10
IT LOOKED HOPELESS TO ME. I would have made it at least ten to one that Wolfe’s unlimited conceit was going to cost us most of a night’s sleep with nothing to chalk up against it. It struck me as plain silly, and I might have gone so far as to say that his tackling that array of Africans in a body showed a dangerous maladjustment to the natural and healthy environment of a detective. Picture it: Lio Coyne had caught a glimpse of a greenjacket she couldn’t recognize standing by the end of the screen with his finger on his lips, and another servant’s face-chiefly his eyes, and she couldn’t recognize him either-peeking through a crack in the door that led to the pantry hall and on to the kitchen. That was our crop of facts. And the servants had already told the sheriff that they had seen and heard nothing. Fat chance. There might have been a slim one if they had been taken singly, but in a bunch like that, not for my money.
The chair problem was solved by letting them sit on the floor. Fourteen altogether. Wolfe, using his man-to-man tone, apologized for that. Then he wanted to know their names, and made sure that he got everyone; that used up ten minutes. I was curious to see how he would start the ball rolling, but there were other preliminaries to attend to; he asked what they would like to drink. They mumbled that they didn’t want anything, but he said nonsense, we would probably be there most of the night, which seemed to startle them and caused some murmuring. It ended by my being sent to the phone to order an assortment of beer, bourbon, ginger ale, charged water, glasses, lemons, mint and ice. An expenditure like that meant that Wolfe was in dead earnest. When I rejoined the gathering he was telling a plump little runt, not a greenjacket, with a ravine in his chin:
“I’m glad of this opportunity to express my admiration, Mr. Crabtree. Mr. Servan tells me that the shad roe mousse was handled entirely by you. Any chef would have been proud of it. I noticed that Mr. Mondor asked for more. In Europe they don’t have shad roe.”

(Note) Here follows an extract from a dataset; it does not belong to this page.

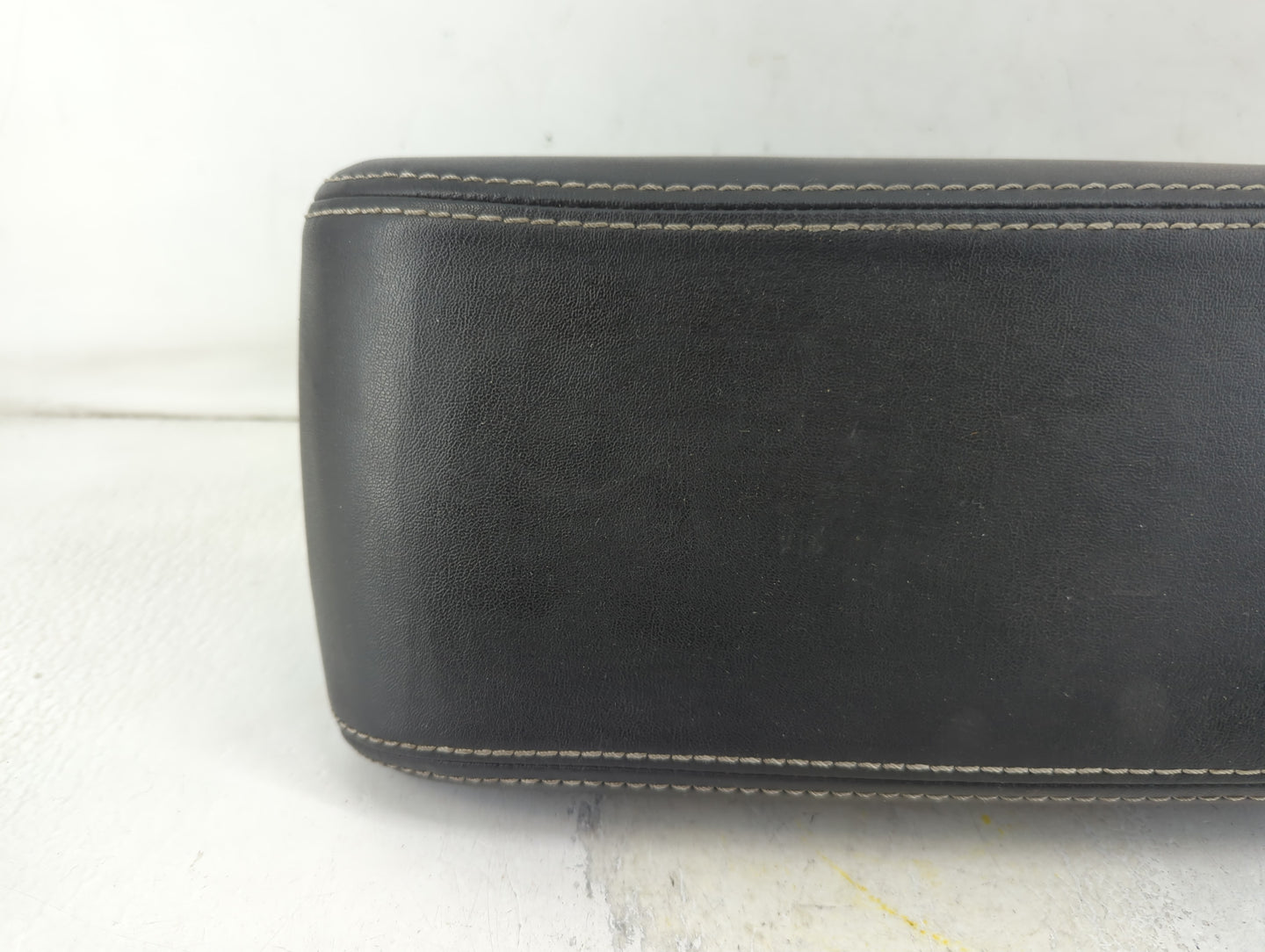 2010 Ford Fusion Center Console Armrest Cover Lid P/N:6E53-5406050-AA 6E53-54045C74-AA Fits OEM Used Auto Parts - Oemusedaut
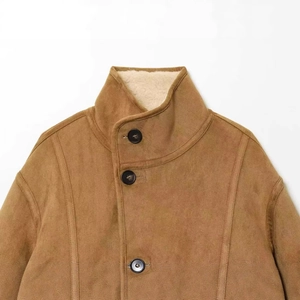 Braune Lammfellimitat-Jacke mit weißem Kontrast-Stehkragen und schwarzen Knopfdetails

The runt nodded solemnly, with reserve. They were all using plenty of reserve, not to mention constraint, suspicion and reticence. Most of them weren’t looking at Wolfe or at much of anything else. He sat facing them, running his eyes over them. Finally he sighed and began:
“You know, gentlemen, I have had very little experience in dealing with black men. That may strike you as a tactless remark, but it really isn’t. It is certainly true that you can’t deal with all men alike. It is popularly supposed that in this part of the country whites adopt a well-defined attitude in dealing with the blacks, and blacks do the same in dealing with whites. That is no doubt true up to a point, but it is subject to enormous variation, as your own experience will show you. For instance, say you wish to ask a favor here at Kanawha Spa, and you approach either Mr. Ashley, the manager, or Mr. Servan. Ashley is bourgeois, irritable, conventional, and rather pompous, Servan is gentle, generous, sentimental, and an artist-and also Latin. Your approach to Mr. Ashley would be quite different from your approach to Mr. Servan.
“But even more fundamental than the individual differences are the racial and national and tribal differences. That’s what I mean when I say I’ve had limited experience in dealing with black men. I mean black Americans. Many years ago I handled some affairs with dark-skinned people in Egypt and Arabia and Algiers, but of course that has nothing to do with you. You gentlemen are Americans, must more completely Americans than I am, for I wasn’t born here. This is your native country. It was you and your brothers, black and white, who let me come here to live, and I hope you’ll let me say, without getting maudlin, that I’m grateful to you for it.”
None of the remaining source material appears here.